Re: column counter and printf question
by Tux (Canon) on Oct 28, 2015 at 17:41 UTC

    Your problem descriptions sounds almost as if you are dealing with a file with fixed-width columns. If that is true, use unpack instead of split in order not to miss empty columns that cause the rest of the data to move columns.

    Maybe you can show a few lines of the data, and we can tell you a better approach.

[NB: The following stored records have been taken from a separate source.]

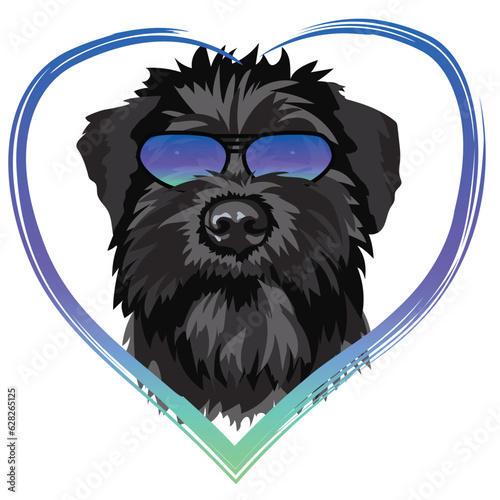 Portrait of black schnauzer in sunglasses inside heart frame on white background, vector image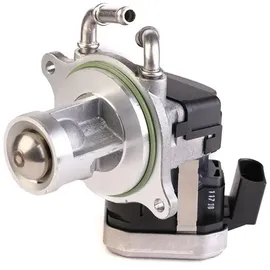 BorgWarner (Wahler) Borgwarner AGR-Ventil elektrisch, mit Dichtung
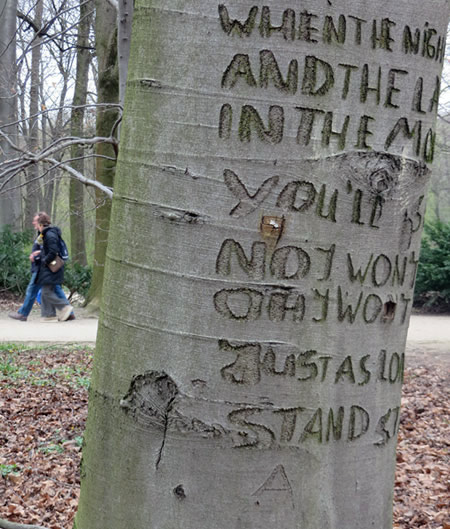 Berlin secret sights: the 'Stand by Me' tree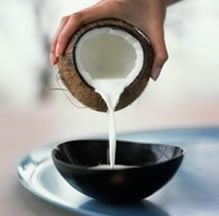 椰子油主要成份為65%的中鍵脂肪酸(MCFA)!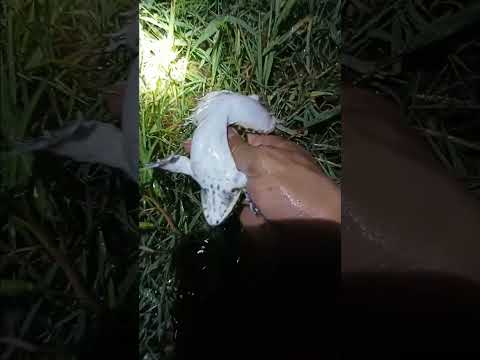 Nag ilaw ako ng palaka /Catching frog Night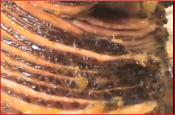 Pineapple Peach Glazed Ham For The Holidays
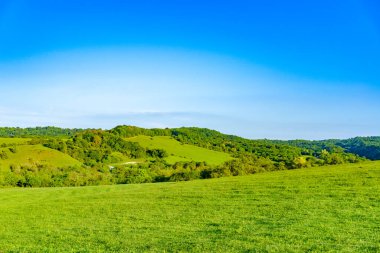 Yerde büyüyen yeşil çimenler
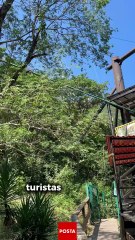 Cola de Caballo en diciembre: tirolesa, senderismo y miradores para disfrutar el invierno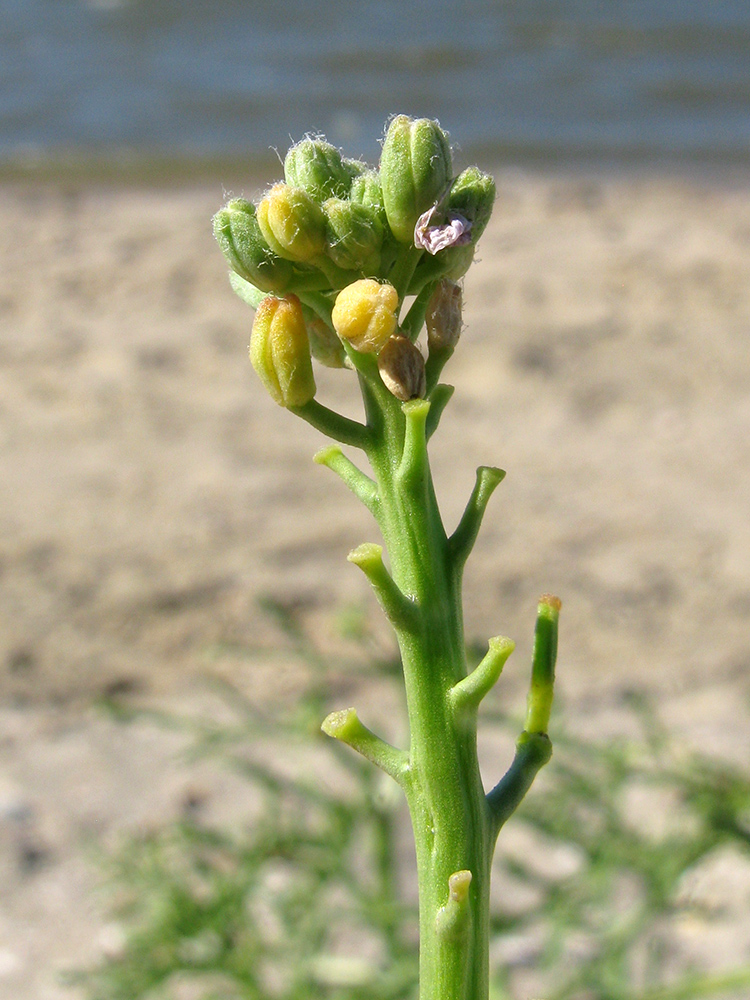 Image of Cakile euxina specimen.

    Enjoy, Have FUN! H.Merijn
Re: column counter and printf question
by BillKSmith (Monsignor) on Oct 28, 2015 at 15:02 UTC
    Perl can count the columns.
    use strict; use warnings; while( my $line = <DATA>) { next unless $. > 12; # $. contains current line number next if $line =~ /^$/; # skip blank lines chomp $line; # remove end-of-line character $line =~ s/\s+//; # strip leading whitespace my @columns = split(/\s+/, $line); # split columns on whitespace my $format = "%8.3f" . "%10.3f"x(@columns-3) . "\n"; printf $format, @columns[2..$#columns]; } # my guess at the input data __DATA__ SKIP 1 SKIP 2 SKIP 3 SKIP 4 SKIP 5 SKIP 6 SKIP 7 SKIP 8 SKIP 9 SKIP 10 SKIP 11 SKIP 12 Line_1 0.0 0.0 1.0 2.0 3.0 4.0 5.0 6.0 7.0 8.0 Line_2 0.0 0.0 2.0 3.0 4.0 5.0 6.0 7.0 8.0 9.0 Line_3 0.0 0.0 3.0 4.0 5.0 6.0 7.0 8.0 9.0 1.0 Line_4 0.0 0.0 4.0 5.0 6.0 7.0 8.0 9.0 1.0 2.0 Line_5 0.0 0.0 5.0 6.0 7.0 8.0 9.0 1.0 2.0 3.0
    Bill
      $line =~ s/\s+//; # strip leading whitespace

      The comment doesn't match the code, it strips the first whitespace it finds. Or perhaps you're missing a ^.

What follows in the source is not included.